遅刻ではないものの、二日酔いで始業時間ぎりぎりの出社の上、通勤ラッシュに巻き込まれボロボロになっている。
「おはようございます」
水城の声に室内の者たちは一世に振り向いた。
朝目覚めた時点でいつもより出社が遅れる事を秘書室に連絡していたものの、いつも誰よりも早く出社する水城が最後に出てくるとあって同僚の興味が集中する。

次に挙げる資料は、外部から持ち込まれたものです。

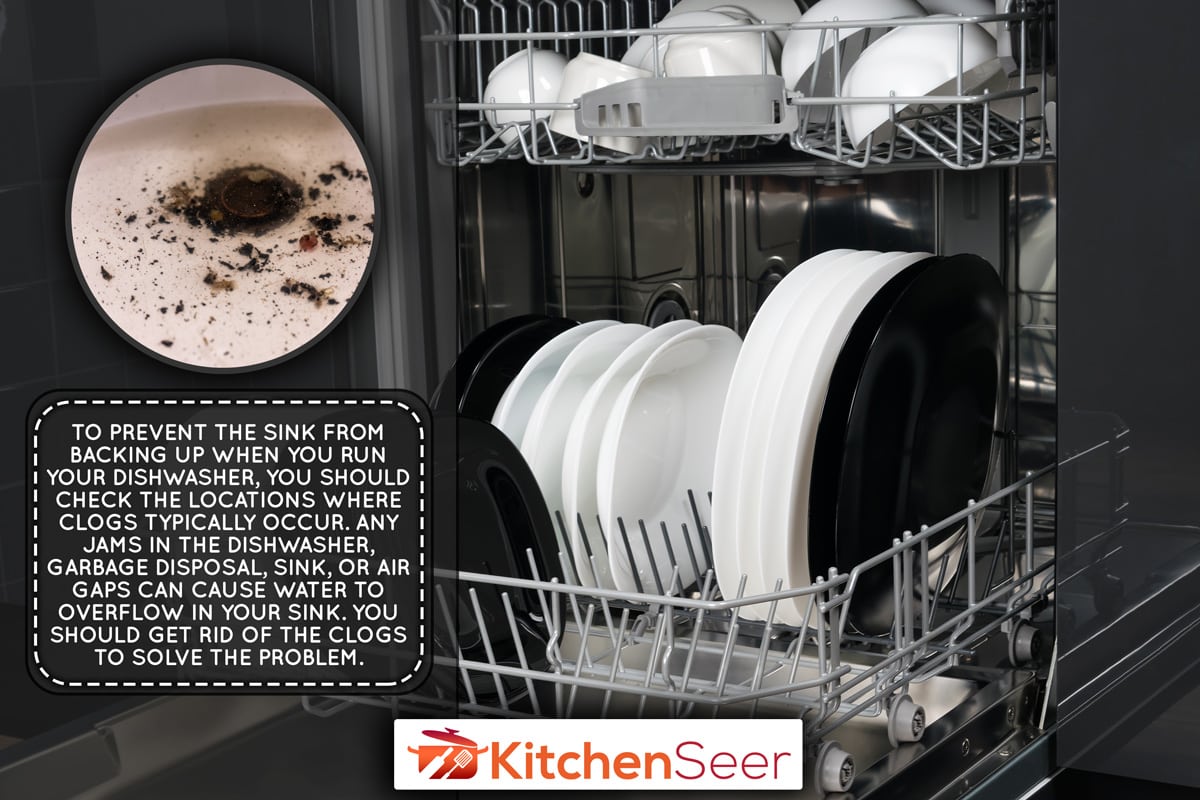 黑白盘子在洗碗机隔间，特写，水槽备份时，洗碗机运行-该怎么办?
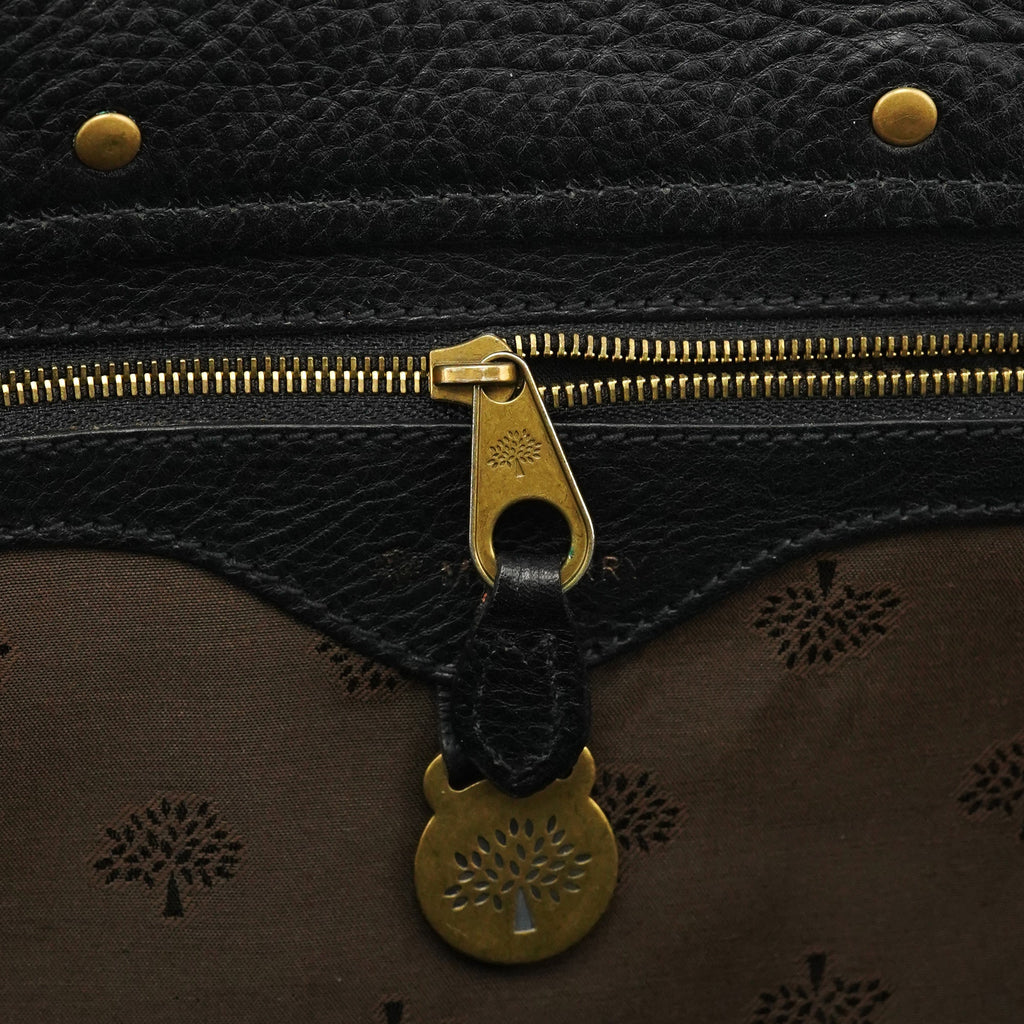 Black Leather Studded Bayswater Bag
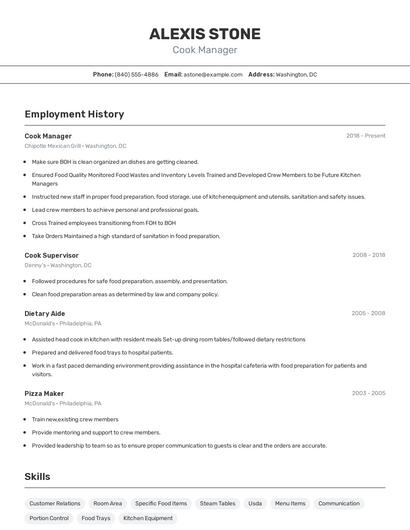 Cook Manager Resume
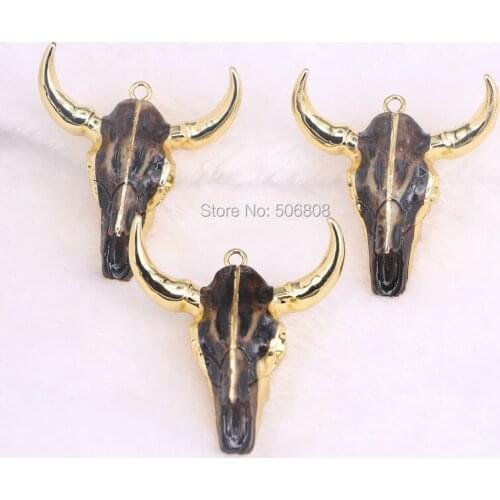 4PCS Buffalo Cattle Head Pendant Beads, Resin Gold Electroplated Skull Head Pendant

おまけに、ただでさえ怠い水城に痛烈な言葉がとんできた。“新人でかなりの美人だが世慣れせず怖いものなし”と定評(?)のある有梨香が皆が聞きたくても言えない一言をあっさりかましたのだ。
「水城せんぱーい、どうしたんですか〜?」
完璧なメークに緩く巻かれた髪が若若しく輝き、今朝の水城には刺激が強い。能天気な有梨香の笑顔に、普段のようにさらりと切り返せなかった。同性は意外と苦手な水城である。
「驚くの?私、結構あるのよ、こういうの。」
口元をキリリとさせつつ口角を上げ、クールに微笑むと背中に同僚の好奇の視線を浴びながら社長室へ向かっていった。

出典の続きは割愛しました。